As demand for aluminum beverage can bodies and ends continues to outstrip supply across North America, we have decided to invest in a new 3-line beverage can bodies facility in Muncie, Indiana. This new facility is expected to be operational beginning in Q4 2022 and is currently backed by long-term contracts signed with multiple customers. During the last several months, we have increased our customer portfolio in the U.S. from three to eight. The total estimated investment for this facility is approximately $380 million. We will also invest an additional $10 million to expand ends production capacity at the Olyphant, PA facility in support of this new investment.

In addition to the above, due to increased demand for aluminum beverage can bodies and ends in the Northeastern U.S. region, we have decided to invest in a fourth line at our Olyphant facility. This incremental investment is estimated at $104 million and is expected to be finalized in Q4 2022.

Chief Executive Officer, Roberto Villaquirán, Commented:

“We are delighted to deliver a strong performance across our businesses. This was supported mainly by our continued market leading growth coupled by strict cost control and operational efficiency gains.
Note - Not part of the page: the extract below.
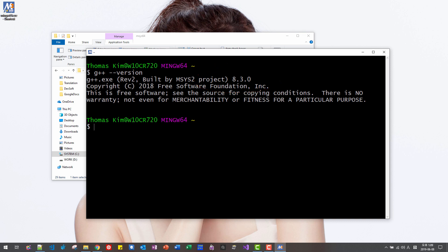Before we upgrade, we need some command. We have to update the MinGW first. Pacman S-Y-U. Hit enter.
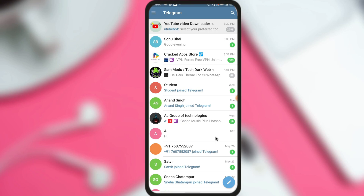How to schedule audio messages on Telegram? How to schedule video messages on Telegram? How to schedule posts on Telegram? Hi, my name is Amir and today in this video we are going to discuss about these questions.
With sustainability and innovation at the core of our strategy and differentiation, CANPACK is proud to be a leader in creating what we believe is the perfect platform and enabler for FMCG and brand owners to excel.”

About CANPACK

CANPACK Group, part of Giorgi Global Holdings, Inc, is a global manufacturer of aluminum beverage cans and packaging solutions for the food and beverage industries, as well as glass bottles and metal closures. Headquartered in Krakow (Poland), CANPACK employs nearly 8,000 people worldwide and has operations in 17 countries. For more information, visit www.canpack.com.

Conference Call Details

The Company will host a conference call at 14:00 BST / 15:00 CET / 09:00 EDT on Thursday May 27, 2021 to discuss its financial results with the investment community. Investors and analysts wishing to attend this event can request registration via email at IR@canpack.com or click on the following link.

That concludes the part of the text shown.